In a broad sense, it is good works for which we have been created. And you will notice that those good works were prepared for us beforehand. In other words, God does not create us and then say, “Hmmm…how shall I use this person?” God has a purpose and a plan and creates us with that purpose and plan in mind. To simplify the idea with an analogy, a regular screwdriver can be used for lots of things — prying open cans of paint, loosening jammed windows or doors, banging in a nail or brad. Yet, a regular screwdriver was not created to do these things; it was created to tighten and loosen screws whose slots match the slot on the screwdriver. When used that way, its function will be best served and it will last longer without being broken or otherwise damaged. yet, the company doesn’t just put material in a mold and wonder what is going to come out. They set forth to manufacture a regular screwdriver that can be used to tighten or loosen flat-head screws. God has made you and me in a certain way with certain purposes in mind. Our design is thus different and situated to our calling; we will live longer and more fulfilled lives if we live in accordance with that design.

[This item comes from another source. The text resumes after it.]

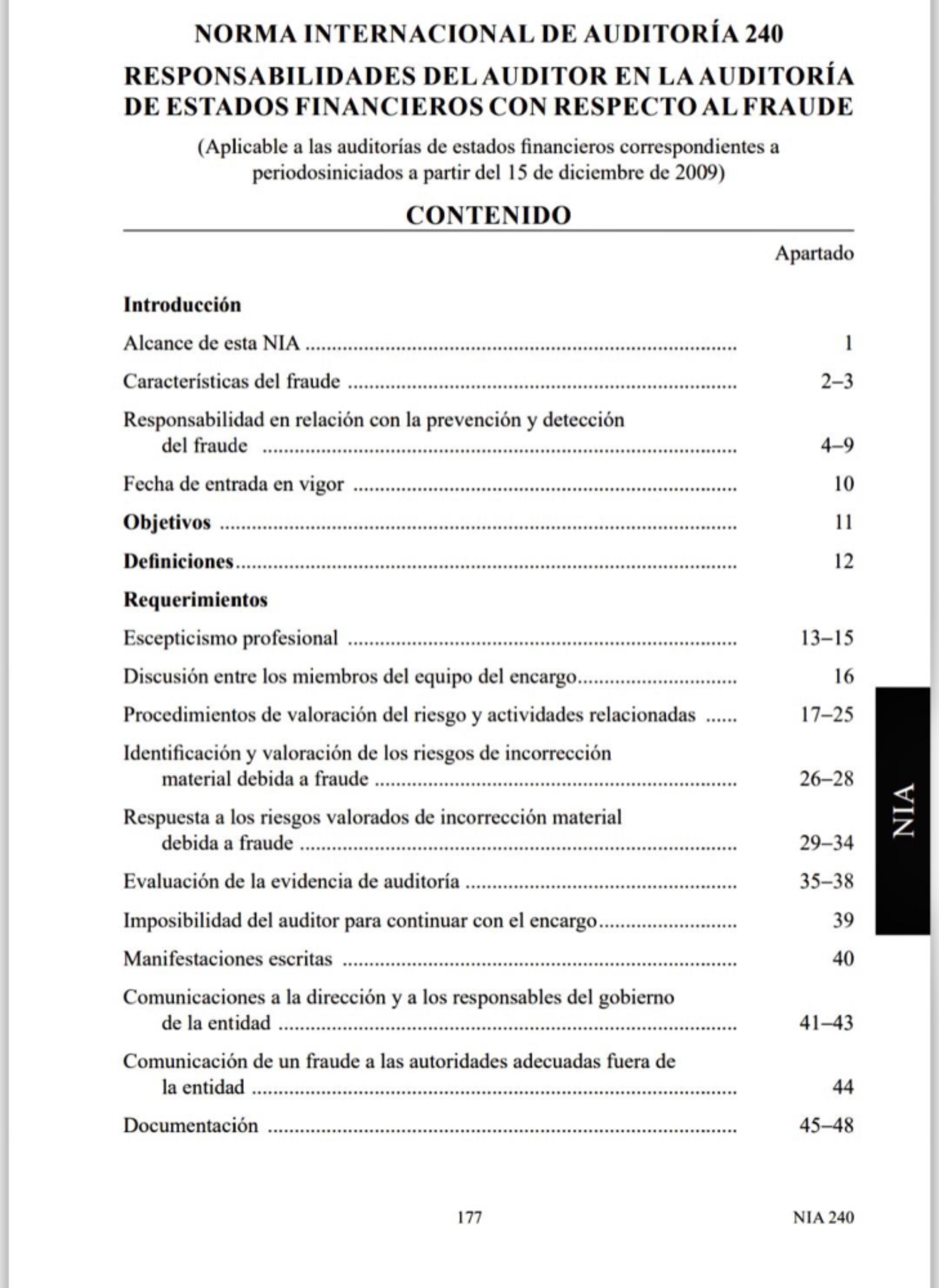 NIA 240 - Responsabilidades del Auditor en la Detección de Fraude - Studocu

The second point that is worth noting here is that when God does a work of creating something anew, it is normally found in the context of redemption. God is redeeming the creation in the new creation to come. Even the remaking of the world as a result of the Flood is a kind of redemption — the land washed clean from the filth of sin. And, so when Paul is using this language, calling Christians a craftsmanship of God, a new creation, etc…, we should see this as a reference to redemption. Not just to our individual redemption but also to our redemption as part of the body of Christ. And so, as we think about the notion of being redeemed as a new creation for the purpose of good works, we ought to ask ourselves how we can best live out that role.
“Even if he should live a thousand years two times over, but goodness he has not seen, is it not to one place that every man goes?”
No human being that has ever walked the face of the earth has ever made it to his thousandth birthday…none. Methuselah was the oldest recorded living man at 969 years with Adam “close” behind at 930 years, but no one hit 1000. And so, Solomon’s point is driven home — even if one were to live as long as Methuselah and then live that lifetime all over again, but has not enjoyed goodness which comes from God and a proper understanding of the works of our hands, his life was not worth living. He will go to the same spot as that stillborn baby.
There are two ways to apply this. The first would be to highlight the hyperbole that Solomon is making and illustrate the fact that no matter how many good works you do, no matter how many children you father (or mother), and no matter how much wealth you accumulate, you return naked to the grave and your corpse will return to dust. You cannot merit God’s favor, even if you had two-thousand years to do so (or, as Abraham ibn Ezra, the medieval Jewish commentator renders it… a thousand times a thousand years). Yet, this idea we have previously explored as we have worked through Solomon’s text, so we will leave this one as it stands.
The second way to apply this is to look at the text in its more literal application. Though no human being has ever lived 1,000 (let alone 2,000) years on the earth, we must remember that humans are immortal. Thus, in a real sense, one can talk about those who have “lived” (in the broadest sense of the term) for thousands of years. When one dies, his spirit goes either into the presence of God or the presence of Satan based and this anticipates a resurrection to life and a resurrection to death that will take place at the second-coming of our Lord and Savior, Jesus Christ. The believers will be resurrected to glorified bodies and the blessedness of life-eternal in God’s perfect presence. Unbelievers will be resurrected to bodies of death that will be able to sustain the eternal torments of Hell — always dying but never eternally dead or annihilated.
And, in this latter case, we can talk confidently of those who dwell for ages, even millennia but who experience no goodness. And Solomon’s words echo back to us that this too is not worth living…it is a waste from the perspective of the one living that life. Truly, in God’s economy, there is no such thing as a truly wasted life, for even the wicked who will be under the wrath of God are so punished as a demonstration of God’s power (Romans 9:22-23).
John Piper wrote a book a few years back, entitled: Don’t Waste Your Life. Solomon’s response to this idea would be to say to us that if we live our lives devoid of the goodness of God, then our life is truly amongst the things we have wasted.